Lynne Kirste, the Special Collections Curator at the Academy Film Archive, which is part of the Academy of Motion Picture Arts and Sciences, came from her job in Hollywood, Calif., to attend the Symposium for the first time. The subject of her presentation was how home movies can be used for baseball research.
“This experience has been fantastic. I can’t even say how fantastic it is,” Kirste said. “The people are so nice, the presentations are so interesting. It’s just so much knowledge. All of these topics, I never even would have thought to even ask about and people have researched them to the ‘nth’ degree. It’s really amazing.
“I think the main thing that I’m amazed at is how interesting I’m find every subject that people are discussing. Everybody is just so passionate that they all make their topics fascinating.”
The Symposium got under way Wednesday afternoon inside the Grandstand Theater with a keynote address from filmmaker Sarah Burns entitled “Seeking a More Authentic Jackie Robinson.” Burns, the daughter of esteemed documentarian Ken Burns, is currently working with her husband and father on a documentary on Robinson. The two-part, four-hour PBS documentary is tentatively set to air in April 2016.

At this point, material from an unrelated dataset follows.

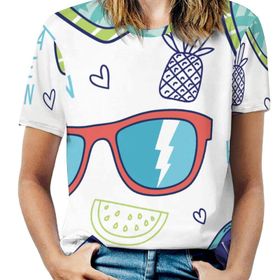 AILLOSA TH-310 Tamamı Baskılı Kısa Kollu Yuvarlak Yaka Kadın T-shirt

“As I was writing my speech, I was definitely aware of the fact that this is an audience who knows this story well. This is not an audience who has heard of Jackie Robinson but doesn’t know too much about him,” Burns said afterwards. “So I had to think carefully about how I could tell the story in a way that hopefully there’s something new for everyone. That was a challenge.
“And it was definitely on honor to speak here and especially to be in the company of the previous keynote speakers.”
Besides her father, previous keynote speakers have included Roger Kahn, Eliot Asinof, Stephen Jay Gould, W.P. Kinsella, George Plimpton and Frank Deford.